** Data section **
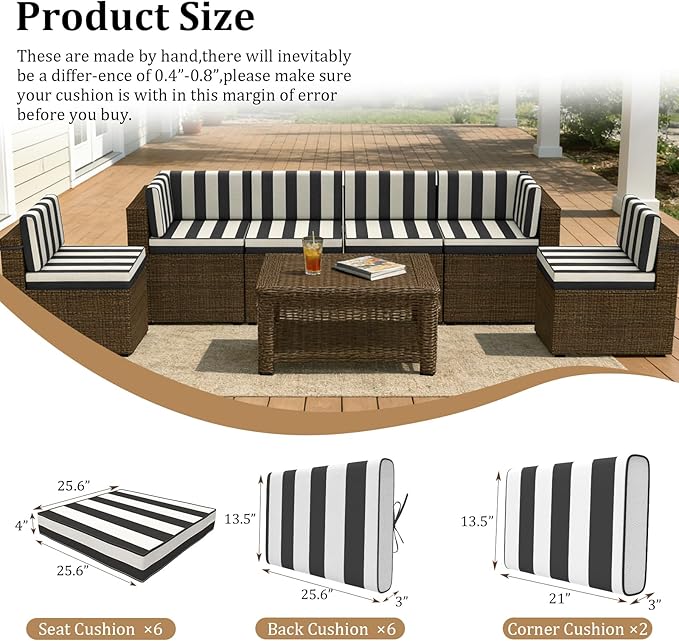 14 Pcs Outdoor Replacement Cushions for Patio Furniture, All Weather Water Resistant Cushion for 6 Seat Rattan Wicker Sectional Patio Conversation Sets and Couch (Blackstripe)
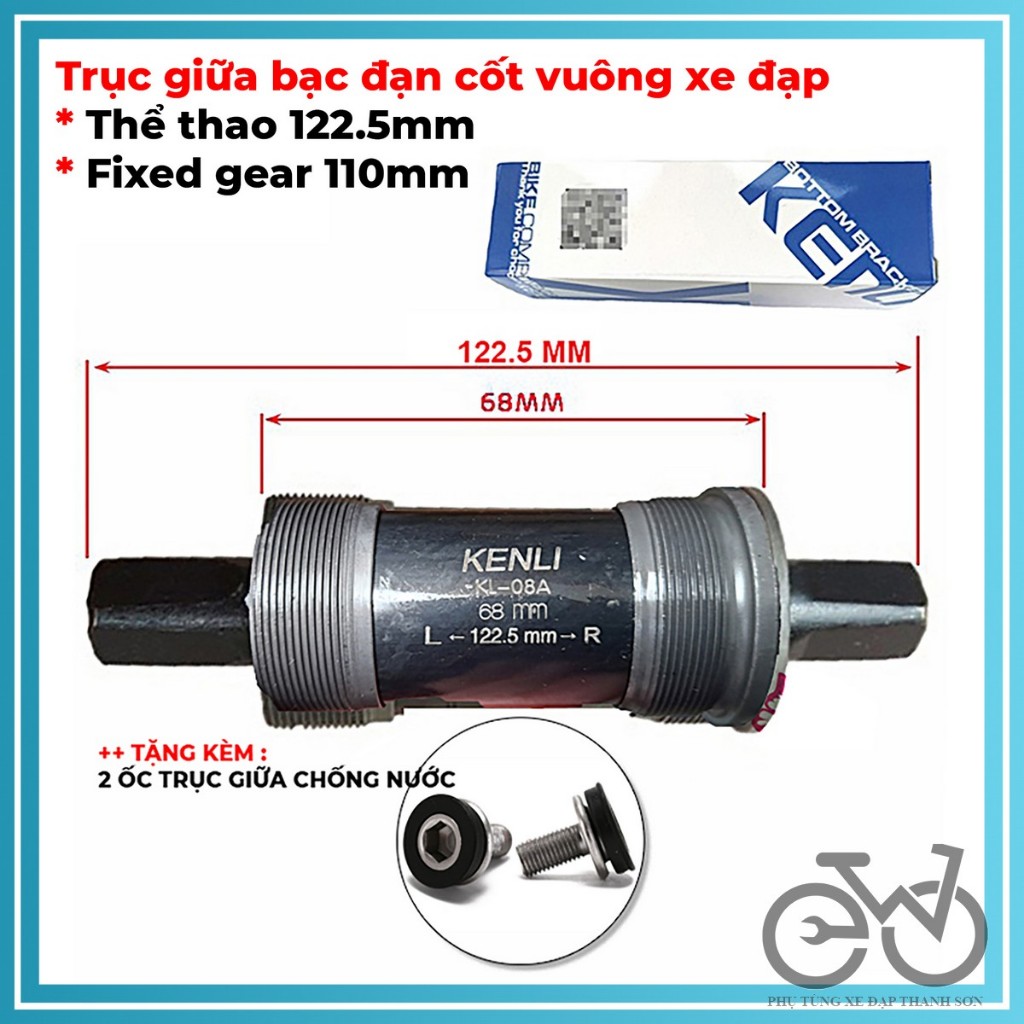 Trục giữa bạc đạn cốt vuông xe đạp thể thao 122.5mm, xe fixed gear 110mm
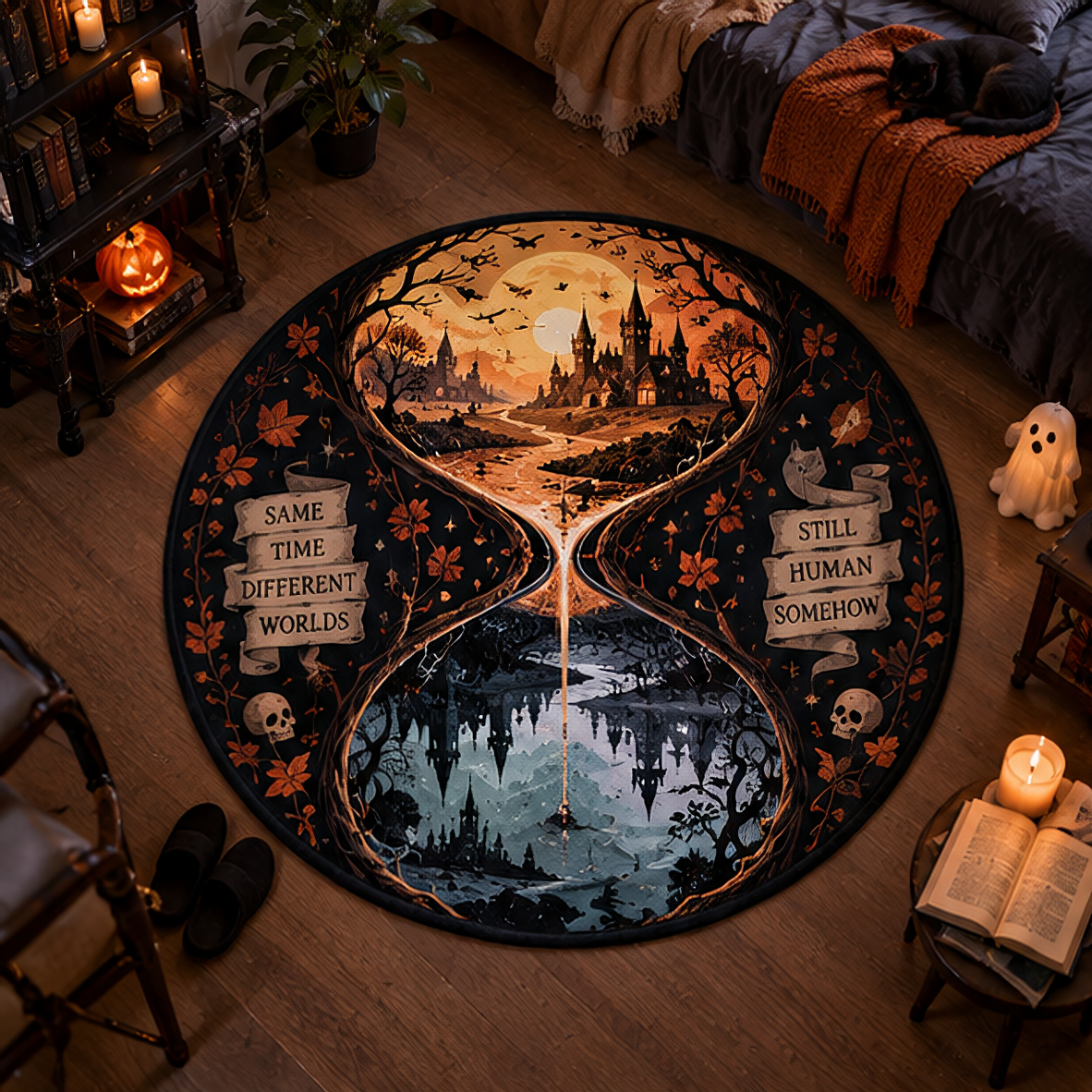 Surreal split-dimension Halloween round rug featuring a magical hourglass with a warm haunted castle on top and a dark moonlit reflection below. Text reads "Same Time Different Worlds" and "Still Human Somehow".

** Activity **
Quote the material in full and exactly; do not carry over its pictures.

** Answer box **
 14 Pcs Outdoor Replacement Cushions for Patio Furniture, All Weather Water Resistant Cushion for 6 Seat Rattan Wicker Sectional Patio Conversation Sets and Couch (Blackstripe)
 Trục giữa bạc đạn cốt vuông xe đạp thể thao 122.5mm, xe fixed gear 110mm
 Surreal split-dimension Halloween round rug featuring a magical hourglass with a warm haunted castle on top and a dark moonlit reflection below. Text reads "Same Time Different Worlds" and "Still Human Somehow".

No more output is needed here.